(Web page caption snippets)
::::
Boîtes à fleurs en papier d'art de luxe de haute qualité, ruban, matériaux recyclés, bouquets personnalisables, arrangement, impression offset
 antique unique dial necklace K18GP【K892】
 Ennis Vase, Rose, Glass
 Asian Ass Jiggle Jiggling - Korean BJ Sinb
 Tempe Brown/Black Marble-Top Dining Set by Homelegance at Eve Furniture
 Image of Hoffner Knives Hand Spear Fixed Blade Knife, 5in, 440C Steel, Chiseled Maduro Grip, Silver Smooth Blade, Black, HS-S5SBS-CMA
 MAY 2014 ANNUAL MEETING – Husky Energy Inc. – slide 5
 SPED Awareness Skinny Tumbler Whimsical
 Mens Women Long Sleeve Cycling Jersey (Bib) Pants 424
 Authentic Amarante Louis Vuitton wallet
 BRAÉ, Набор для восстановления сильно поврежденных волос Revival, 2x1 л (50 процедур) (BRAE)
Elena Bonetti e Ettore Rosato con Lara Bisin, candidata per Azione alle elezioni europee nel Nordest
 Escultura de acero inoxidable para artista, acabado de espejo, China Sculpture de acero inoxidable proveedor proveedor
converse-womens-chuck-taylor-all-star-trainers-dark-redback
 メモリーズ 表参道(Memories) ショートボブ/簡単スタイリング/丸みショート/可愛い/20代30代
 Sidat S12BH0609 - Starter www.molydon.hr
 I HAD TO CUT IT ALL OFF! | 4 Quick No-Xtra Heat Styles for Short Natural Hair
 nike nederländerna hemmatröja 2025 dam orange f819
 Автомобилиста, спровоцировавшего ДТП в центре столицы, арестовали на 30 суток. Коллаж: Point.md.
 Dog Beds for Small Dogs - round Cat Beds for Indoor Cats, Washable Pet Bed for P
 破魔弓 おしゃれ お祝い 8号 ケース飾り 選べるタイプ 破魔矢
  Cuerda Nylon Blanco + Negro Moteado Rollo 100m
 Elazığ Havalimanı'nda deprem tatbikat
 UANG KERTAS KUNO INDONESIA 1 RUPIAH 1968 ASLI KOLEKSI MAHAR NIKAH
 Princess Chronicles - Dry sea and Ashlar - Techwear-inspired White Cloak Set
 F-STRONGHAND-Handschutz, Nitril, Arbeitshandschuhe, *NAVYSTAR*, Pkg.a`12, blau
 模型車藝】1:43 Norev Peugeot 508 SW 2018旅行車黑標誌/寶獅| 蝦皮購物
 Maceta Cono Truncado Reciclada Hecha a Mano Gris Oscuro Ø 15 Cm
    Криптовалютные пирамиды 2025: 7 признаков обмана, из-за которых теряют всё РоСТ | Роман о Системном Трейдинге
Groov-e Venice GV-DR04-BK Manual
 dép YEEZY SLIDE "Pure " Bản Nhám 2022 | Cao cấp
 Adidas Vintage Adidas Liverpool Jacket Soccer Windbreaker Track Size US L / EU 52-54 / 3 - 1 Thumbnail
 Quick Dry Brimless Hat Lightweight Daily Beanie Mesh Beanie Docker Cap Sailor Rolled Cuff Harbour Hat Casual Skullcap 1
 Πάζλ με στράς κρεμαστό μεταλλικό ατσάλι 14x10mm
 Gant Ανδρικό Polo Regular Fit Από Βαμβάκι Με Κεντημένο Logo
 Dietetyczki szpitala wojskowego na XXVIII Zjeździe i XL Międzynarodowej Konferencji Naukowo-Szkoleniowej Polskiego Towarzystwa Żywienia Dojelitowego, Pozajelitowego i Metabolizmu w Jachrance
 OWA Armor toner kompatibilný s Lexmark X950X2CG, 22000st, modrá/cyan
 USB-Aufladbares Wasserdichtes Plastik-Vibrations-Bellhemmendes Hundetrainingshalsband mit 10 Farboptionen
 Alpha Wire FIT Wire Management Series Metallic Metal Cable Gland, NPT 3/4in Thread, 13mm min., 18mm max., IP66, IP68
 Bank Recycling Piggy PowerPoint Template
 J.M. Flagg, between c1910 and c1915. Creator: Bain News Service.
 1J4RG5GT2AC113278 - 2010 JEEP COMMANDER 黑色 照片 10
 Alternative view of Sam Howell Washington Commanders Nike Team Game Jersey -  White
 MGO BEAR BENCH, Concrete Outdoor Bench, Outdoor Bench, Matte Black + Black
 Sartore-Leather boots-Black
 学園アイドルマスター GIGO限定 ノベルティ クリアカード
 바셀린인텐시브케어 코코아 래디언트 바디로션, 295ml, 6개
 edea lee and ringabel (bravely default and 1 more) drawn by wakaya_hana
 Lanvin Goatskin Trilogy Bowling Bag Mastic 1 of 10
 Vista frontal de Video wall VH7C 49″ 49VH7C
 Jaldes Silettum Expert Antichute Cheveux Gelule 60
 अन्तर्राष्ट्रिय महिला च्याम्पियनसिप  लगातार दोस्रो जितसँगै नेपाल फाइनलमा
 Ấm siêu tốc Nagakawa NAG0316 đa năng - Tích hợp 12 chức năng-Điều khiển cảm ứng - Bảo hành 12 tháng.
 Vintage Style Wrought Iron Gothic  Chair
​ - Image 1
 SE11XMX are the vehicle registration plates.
::::
#### [What you will do]
Determine how many lines in the entries above contain the word "Vintage", and respond with the number alone.

#### [Exercise result]
2